Ten billion a year worked out to something like a million dollars per hour. So they were going to have to monopolize the Carthinias Exchange for something like two solid hours. Either that, or eke the money out in smaller increments over a longer span of time.
Which, he realized, was what the merchants thronging the colonnades must be doing for a living: aggregating tiny transactions into big ones, or taking awkwardly huge ones and breaking them up into chunks of more convenient size, so that the holy money-furnaces could run at a steady pace day and night.
Understanding this much helped break him out of the state of hopeless despair into which he had been plunged by his initial stumblings about. Lottery Discountz was, for a moment, alone and safe on a marble bench in the viewing gallery of a temple where gold was being swallowed, digested, and shat out as worthless manure by a giant mutant beetle. It was safe to be Away from Keyboard for a few minutes.
Csongor got up and paced around to stretch his legs. Yuxia was perched on a chair in a fetal position, sleeping. Marlon was engaged precisely as he had been for a great many hours. But when Csongor circled around behind him to look at his screen, he saw that the “orc chart” had become as ramified as a two-hundred-year-old maple tree. Marlon had mobilized an army. At a glance, Csongor guessed that it couldn’t be less than a thousand strong.
Noting a strange glare coming from one end of the café, Csongor turned to look and realized, after a few moments’ disorientation, that the sun was coming up.
INSPECTOR FOURNIER WAS startled, and perhaps slightly irritated, that Olivia had made the decision to go bombing up the road to Vancouver without even mentioning it to him. She sensed him wishing that Commonwealth immigration policies could be tightened up a bit, so as to make it more difficult for inquisitive Brit spies to jump back and forth between nations. The Friday aspect of this certainly wasn’t helping; presumably Fournier had plans for the evening, even for the whole weekend, and now he was learning that he would be at least nominally obligated to act as this woman’s host.
“Where are you now?” he asked.
“Waiting in line at the border crossing.” The electronic signs were claiming that she’d be through in another ten minutes, which seemed pessimistic. That would put her directly into Vancouver’s outer suburbs; she’d be downtown in an hour. This fact embarrassed her. It had taken maybe fifteen seconds after the end of her first conversation with Fournier to realize that she had to go to Canada now, and she had gone into action without explaining to anyone—not even her FBI hosts—what she was doing. It would take too long for her to explain matters to everyone. She would make phone calls from her car as she was driving, explain it then. But then she had ended up managing matters with Richard and Uncle Meng, Seamus and the mysterious Csongor, and had quite forgotten to call ahead. No wonder Fournier was irked. It was a couple of hours past the normal close of business, he was in the office late, delaying his dinner and thinking about getting into a glass of wine, giving her a courtesy call to let her know what was going on—only to learn that she trying to penetrate his borders at this very moment.

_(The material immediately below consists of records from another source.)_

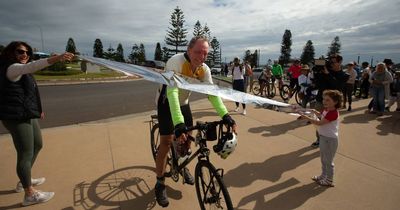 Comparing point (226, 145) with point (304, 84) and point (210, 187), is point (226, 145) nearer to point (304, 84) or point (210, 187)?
point (210, 187)

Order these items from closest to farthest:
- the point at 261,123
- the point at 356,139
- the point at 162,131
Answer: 1. the point at 162,131
2. the point at 356,139
3. the point at 261,123

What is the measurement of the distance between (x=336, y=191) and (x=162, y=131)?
257 cm

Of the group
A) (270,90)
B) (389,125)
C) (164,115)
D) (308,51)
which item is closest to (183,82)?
(164,115)

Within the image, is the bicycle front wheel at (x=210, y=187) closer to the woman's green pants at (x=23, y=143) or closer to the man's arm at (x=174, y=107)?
the man's arm at (x=174, y=107)

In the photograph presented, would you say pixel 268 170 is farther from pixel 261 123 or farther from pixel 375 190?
pixel 261 123

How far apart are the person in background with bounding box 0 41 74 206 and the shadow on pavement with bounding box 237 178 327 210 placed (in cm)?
266

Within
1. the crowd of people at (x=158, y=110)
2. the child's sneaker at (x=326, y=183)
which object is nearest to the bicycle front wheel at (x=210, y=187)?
the crowd of people at (x=158, y=110)

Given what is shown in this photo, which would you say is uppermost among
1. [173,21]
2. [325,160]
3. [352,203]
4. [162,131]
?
[173,21]

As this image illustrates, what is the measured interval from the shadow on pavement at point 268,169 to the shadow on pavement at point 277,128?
1300 millimetres

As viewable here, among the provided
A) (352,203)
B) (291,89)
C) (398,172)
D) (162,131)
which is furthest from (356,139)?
(291,89)

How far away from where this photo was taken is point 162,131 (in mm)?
3426

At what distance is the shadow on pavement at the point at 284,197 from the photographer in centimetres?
347

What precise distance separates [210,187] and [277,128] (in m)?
4.54

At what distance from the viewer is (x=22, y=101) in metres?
3.24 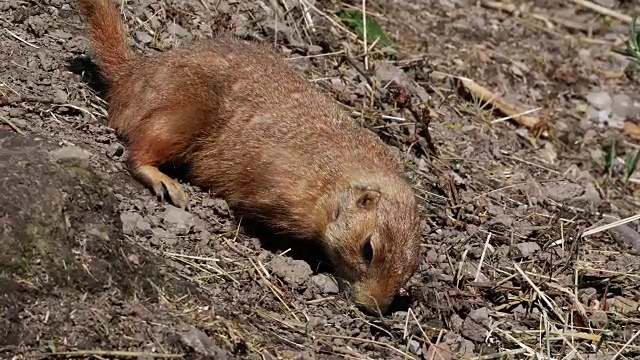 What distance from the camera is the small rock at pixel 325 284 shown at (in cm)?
620

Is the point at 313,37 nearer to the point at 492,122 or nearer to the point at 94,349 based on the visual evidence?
the point at 492,122

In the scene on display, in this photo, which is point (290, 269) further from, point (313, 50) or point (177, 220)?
point (313, 50)

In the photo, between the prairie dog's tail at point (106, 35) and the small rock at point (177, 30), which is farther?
the small rock at point (177, 30)

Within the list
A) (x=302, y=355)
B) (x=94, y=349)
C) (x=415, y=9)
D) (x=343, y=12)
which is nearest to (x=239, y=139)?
(x=302, y=355)

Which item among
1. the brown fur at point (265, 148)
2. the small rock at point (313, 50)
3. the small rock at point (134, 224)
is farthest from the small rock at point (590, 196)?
the small rock at point (134, 224)

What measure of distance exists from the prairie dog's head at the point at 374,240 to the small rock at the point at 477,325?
1.75 ft

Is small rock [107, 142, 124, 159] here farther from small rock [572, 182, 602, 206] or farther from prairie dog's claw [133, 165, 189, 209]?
small rock [572, 182, 602, 206]

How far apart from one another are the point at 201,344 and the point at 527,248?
3289mm

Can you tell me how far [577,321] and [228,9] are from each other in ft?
13.7

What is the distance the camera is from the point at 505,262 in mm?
7117

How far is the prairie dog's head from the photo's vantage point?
6012 mm

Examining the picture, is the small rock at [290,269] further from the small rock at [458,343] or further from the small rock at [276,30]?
the small rock at [276,30]

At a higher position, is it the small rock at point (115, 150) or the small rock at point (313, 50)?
the small rock at point (115, 150)

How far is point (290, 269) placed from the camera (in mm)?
6234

“Listen,” she said, “I just want to be positioned in Vancouver so that I can follow up on this lead at the next opportunity.”
“Truly, it’s not a lead,” he pointed out, “and the next opportunity will be on Monday; for voilà the weekend begins.”
She decided not to press on this for now. “Has anything new been learned?”
“This was a bear hunting party, two guides and three hunters and all the equipment you would expect, packed into an SUV. They departed eleven days ago. They were supposed to be gone for a week. So they are now late by four days and unheard from, disappeared with no trace.”
“The first time we spoke, I thought you said they had been missing for ten days.”
“Perhaps you heard such a thing, but I did not say it. The trouble might have started for them as early as eleven days ago, or as late as four.”
“Because you see the plane I’m looking for would have landed about thirteen days ago.”
“So the dates do not match,” he pointed out.
“But if they landed and holed up somewhere for a couple of days …”
“Where? Why is there no trace of this landing? Of the holing up somewhere?”
Silence. Olivia inched her car forward another length, stopped at the red light. She was next in the queue to cross the border.
What would Jones do? If he found himself stuck north of this imaginary line on the map?
If he had an SUV full of camping equipment?
He had lived in the wilds of Afghanistan for years at a time. Compared to that, a hike down the Cascades would be a piece of cake.
“He’s up there,” she insisted. “If he hasn’t crossed the border already, that is.”
Fournier sighed. “If you suppose he might have crossed the border, why do you not stay to the south of it?”
“Because all I can do is follow his trail,” she said, “and I’m going to pick that up in Canada.”
Silence. She imagined him pulling his glasses off, rubbing tired eyes, thinking of that glass of wine.
The light went green, the car ahead of her glided into another country.
“I must ring off,” she said. “I’m crossing the border.”
”Bienvenue à Canada, Ms. Halifax-Lin,” said Inspector Fournier, and disconnected.